Uma equipe de televisão da BBC (Reino Unido) que tentou registrar sua saída foi detida temporariamente perto do aeroporto. Seus equipamentos foram confiscados e depois devolvidos.
Os jornalistas aparentemente só perderam seus relógios. Já o intérprete que os servia levou uma surra, segundo informação de outros jornalistas da BBC.
Dia de greve
A capital viveu um dia de greve geral. O protesto foi convocado pelos partidos de oposição para pressionar Mobutu a renunciar.
Os mercados, normalmente uma balbúrdia, estavam vazios. Em bairros populares havia movimento nas ruas, mas apenas local, pois não havia transporte para se chegar ao trabalho.
Alguns motoristas de táxi que servem aos jornalistas estrangeiros preferiram ficar em casa. Por isso, os correspondentes circulavam em grupos internacionais -como um carro em que havia dois japoneses, um italiano e um canadense e assim por diante.
Patrulhas militares percorriam as ruas, mas eram raras. O carro com a reportagem da Folha e dois outros jornalistas espanhóis foi brevemente detido por um grupo de militares, incluindo oficiais da temida guarda presidencial, nas imediações do palácio de Mobutu.

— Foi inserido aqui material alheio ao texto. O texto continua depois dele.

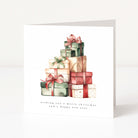 A square white Christmas greeting card standing upright on a white surface, featuring a watercolor illustration of stacked Christmas presents in green, red, beige, and cream tones, with the text 'wishing you a merry christmas and a happy new year' below.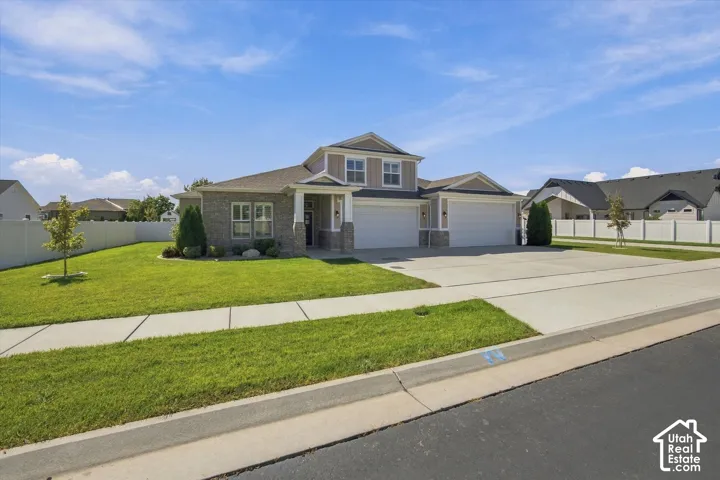 Brick Rambler w/ attached 4 car garage and well maintained yard.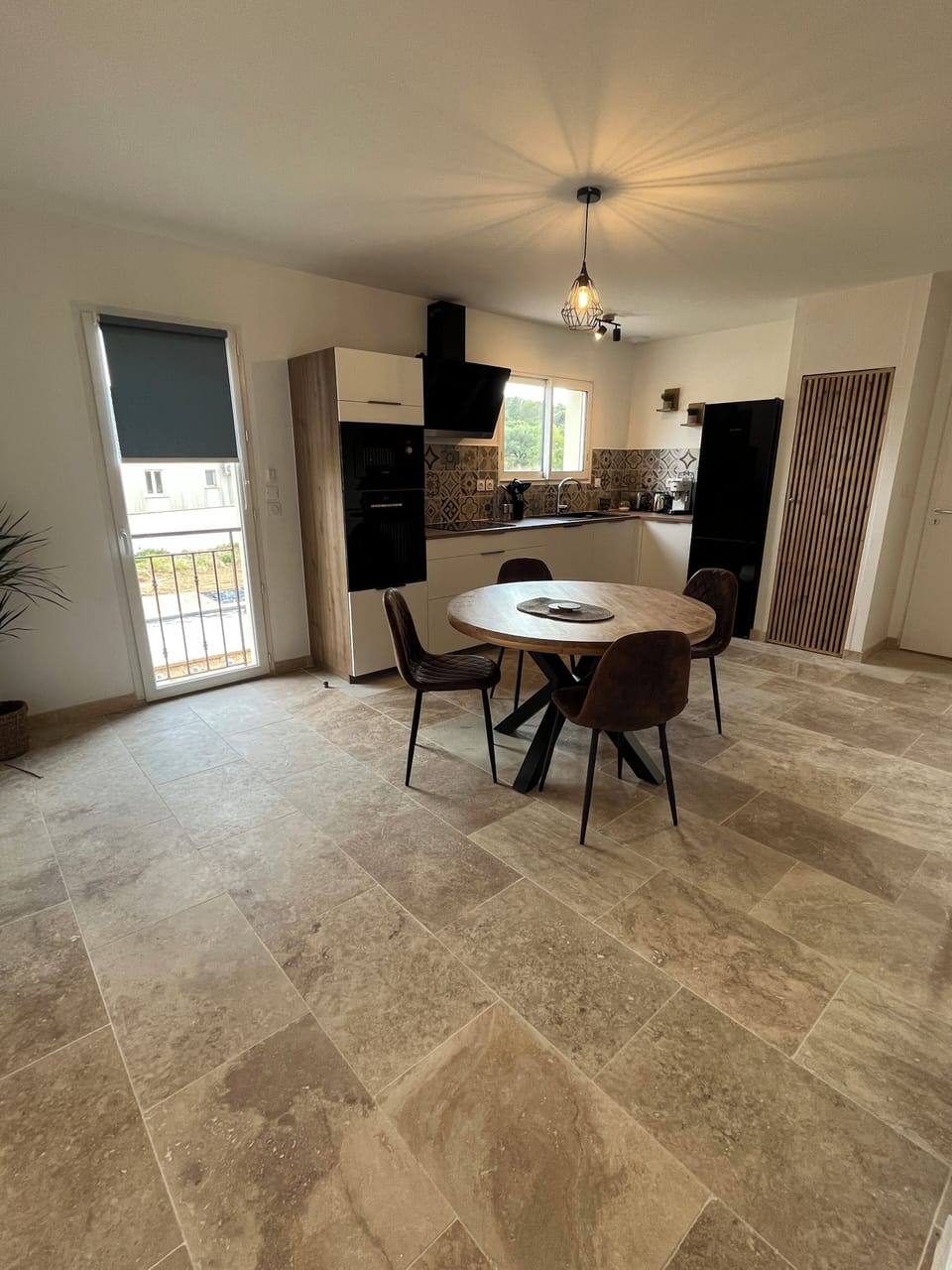 The modern fully equipped kitchen with dining area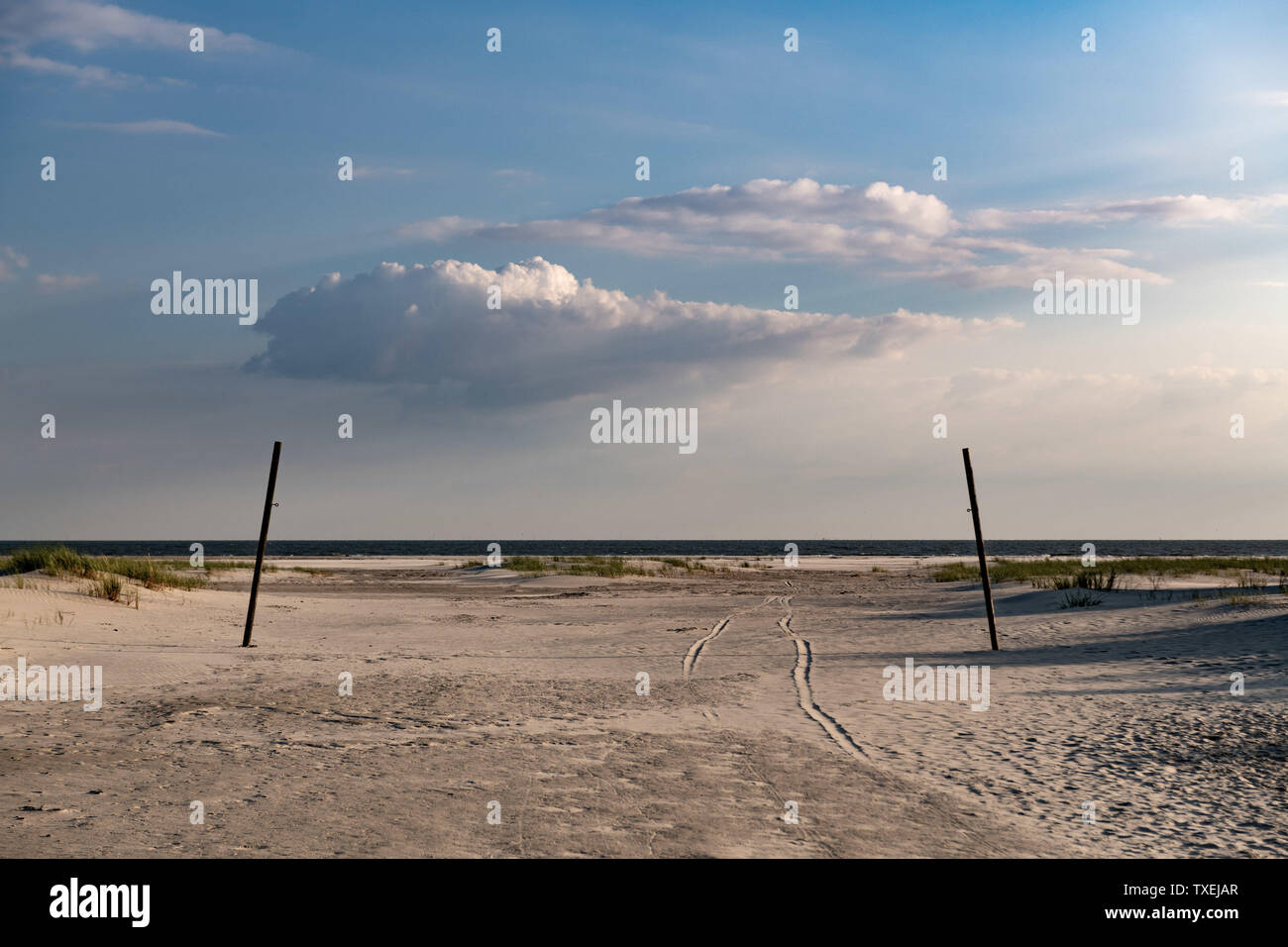 Mystic Pfad über Sand Feld durch zwei Säulen zu Strand mit dramatischen Cloud. Stockfoto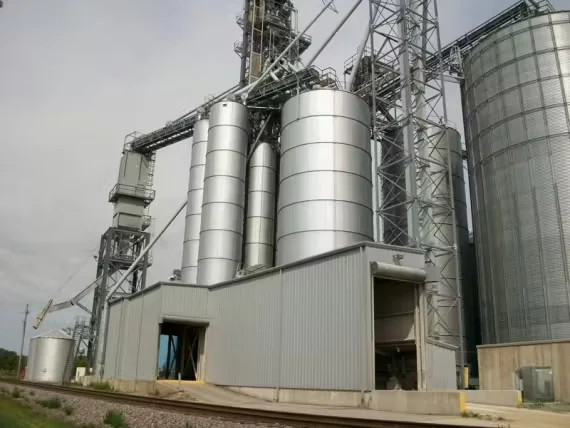 Large industrial grain elevator and feed mill facility with multiple metal silos, conveyors, and support structures next to railroad tracks.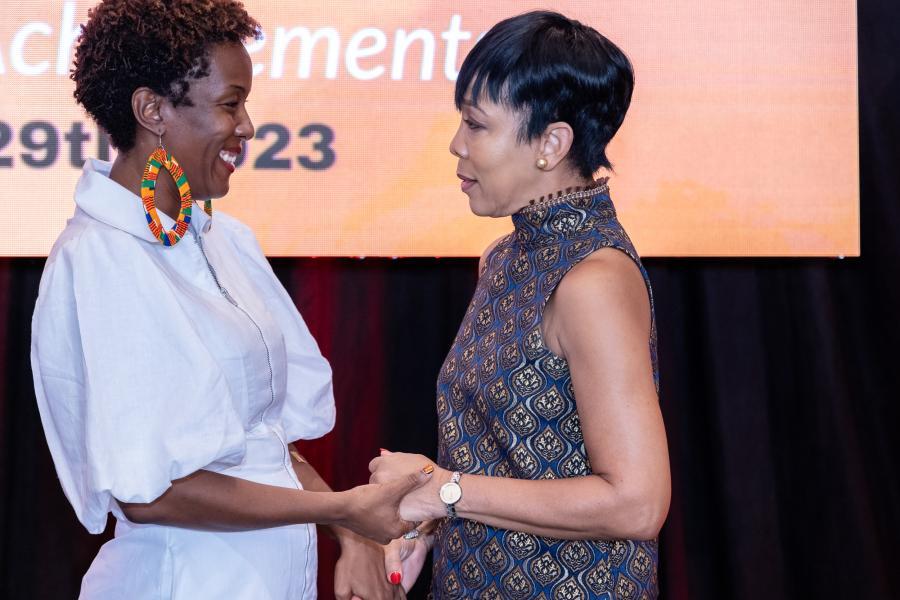 Two women greeting each other on stage.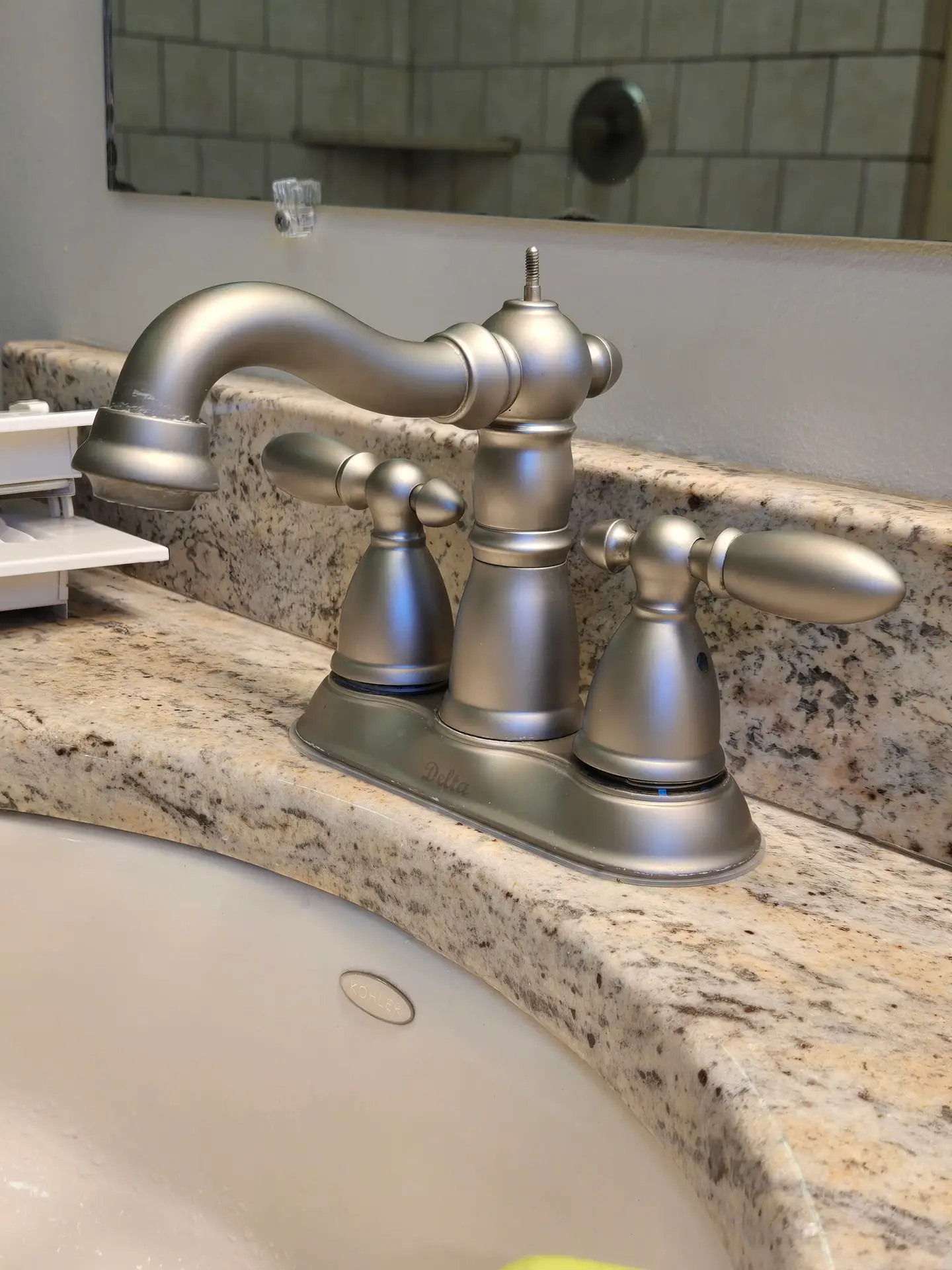 Brushed nickel bathroom faucet on a granite vanity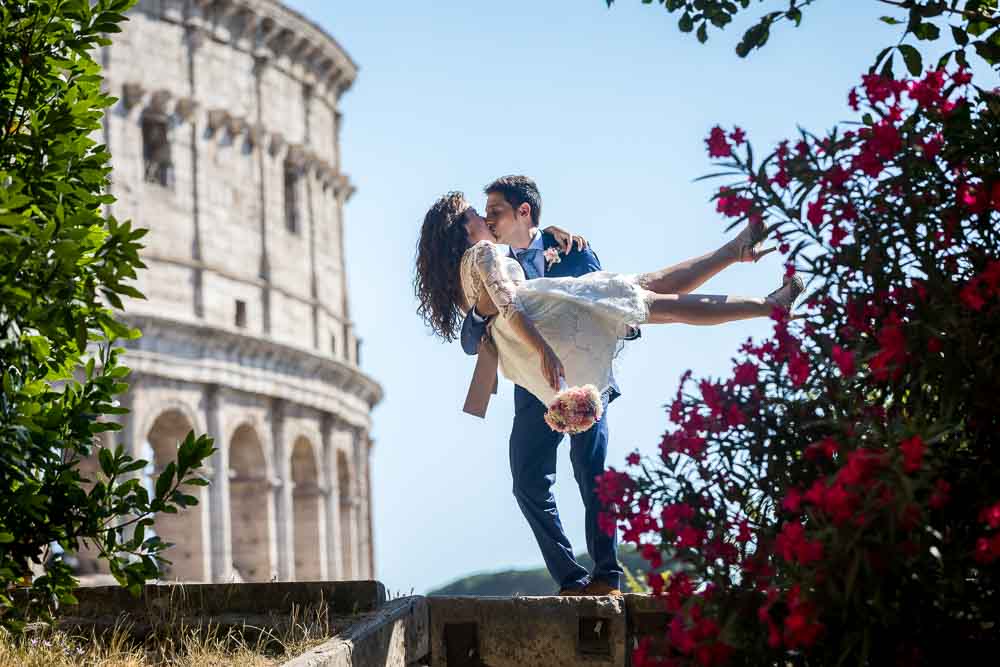 Groom holding bride with the Colosseum large in the background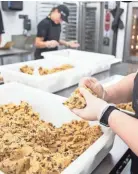  ??  ?? Crumbl Cookies employees prepare chocolate chip cookies on July 6.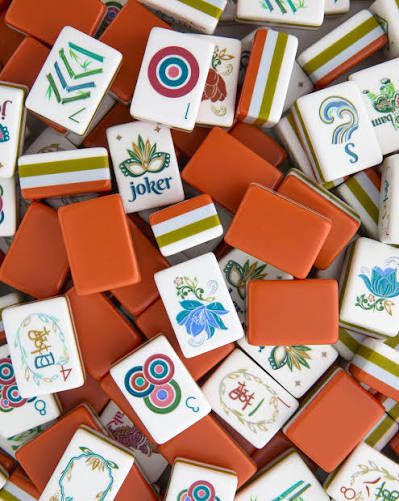 Mixed pile of orange and white melamine mahjong tiles with suit icons and joker tiles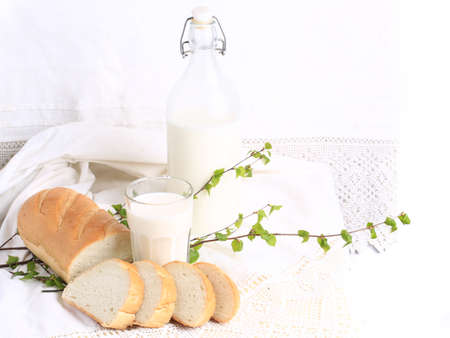 milk and bread on a white lace background bio organic product fresh pastries healthy lifestyle
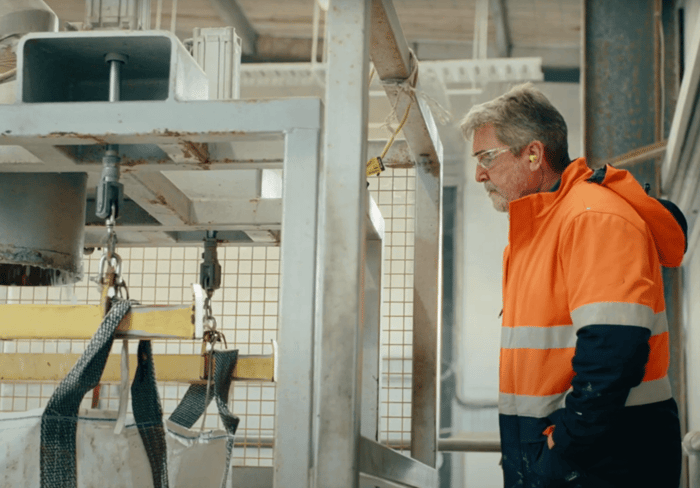 Peter overlooks a pallet of recycling material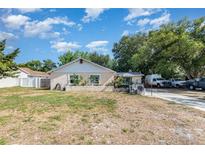 Charming single-story home with a stucco exterior and a well-maintained front yard at 1056 Pinder St, Deltona, FL 32725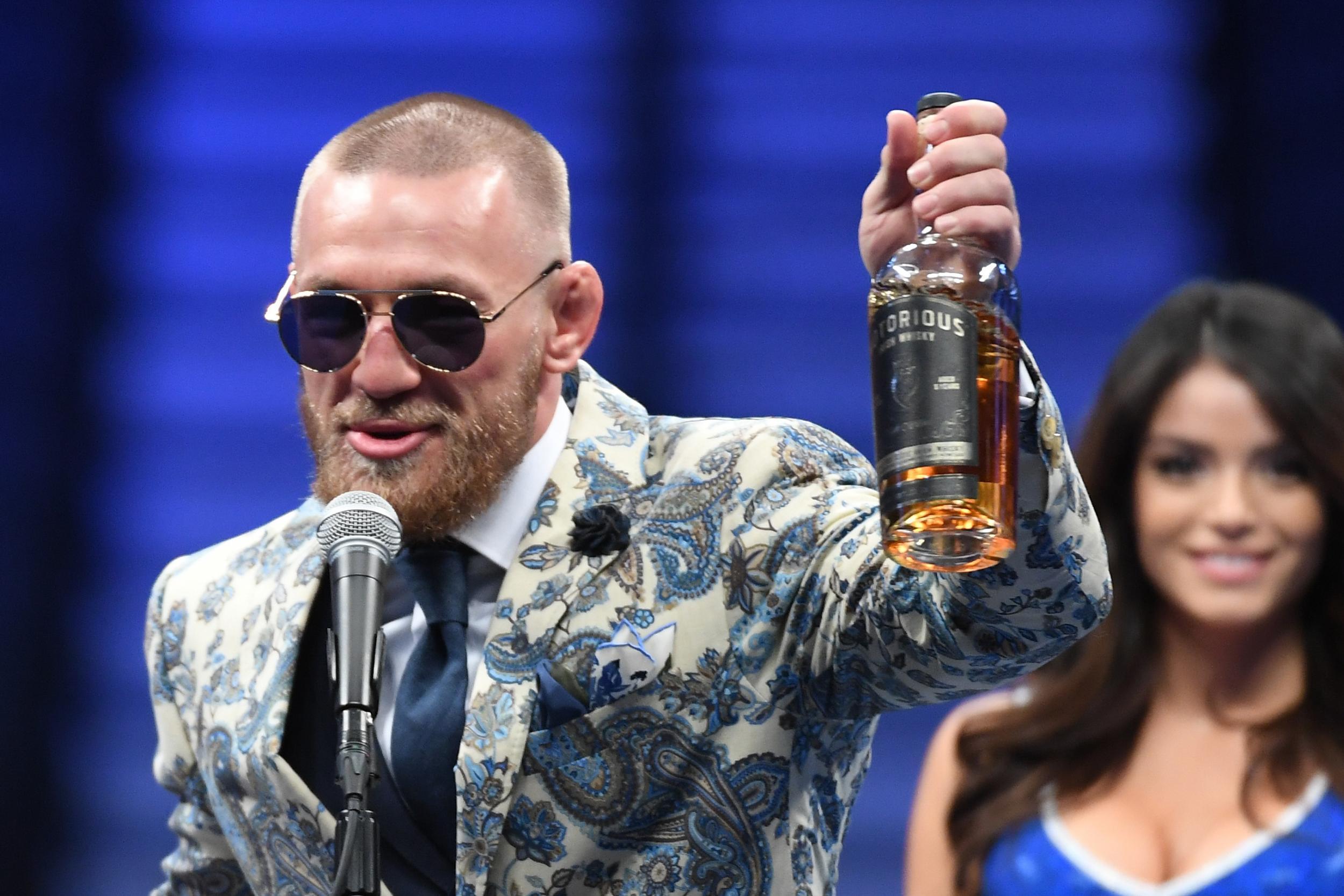 McGregor holds up a bottle of his whiskey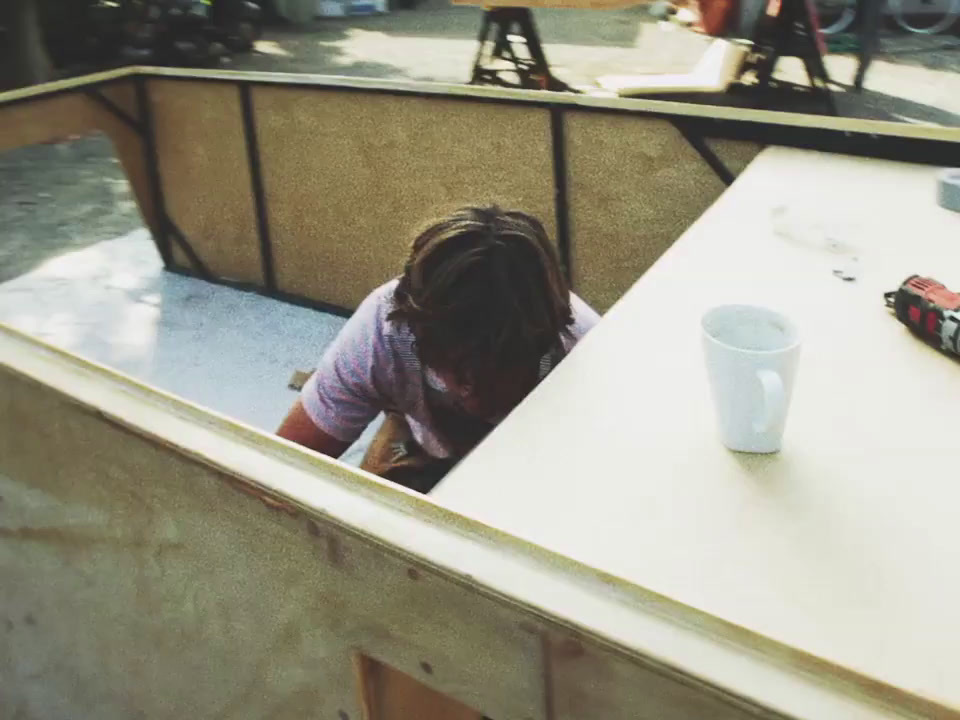 a person sitting at a table with a cup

O grupo estava armado com uma miscelânea de equipamento -fuzis soviéticos AK-47, americanos M-16, submetralhadoras israelenses Uzi. Alguns voltavam do fronte, outros patrulhavam o aeroporto, segundo conversavam entre si. Desistiram de continuar com o questionamento ao saber que não havia nenhum americano no carro.
Êxodo
O palácio de Mobutu fica dentro de uma base militar, cercado pelos militares mais fiéis da sua guarda presidencial.
Militares zairenses se sentem particularmente traídos pelos americanos, que deram suporte a Mobutu e à Unita no passado e agora deixam seu governo à deriva.
Já começa um movimento dos partidários de Mobutu de deixar o país, apesar de viverem um delicado dilema -eles não podem fugir antes de o presidente largar o poder.
Há pequenas filas de automóveis de luxo no ferry-boat para a vizinha Brazzaville, a capital do Congo, separada de Kinshasa pelo rio Congo. Há duas travessias por hora.
Existem mansões e apartamentos de luxo também já abandonados temporariamente por seus donos, zairenses ricos ou europeus.
O hotel Inter-Continental, o mais luxuoso da cidade, tinha principalmente jornalistas até agora. De anteontem para hoje começou a receber hóspedes zairenses, libaneses (os principais comerciantes do país) e um ou outro "mercenário", que podem ser pilotos estrangeiros, por exemplo.
Ironicamente, o hotel tem na entrada uma placa indicando sua inauguração por "sua excelência o tenente-general Joseph-Desiré Mobutu" em 2 de outubro de 1971, presidente da então "República Democrática do Congo". A placa é de cobre, uma das principais riquezas minerais do Zaire.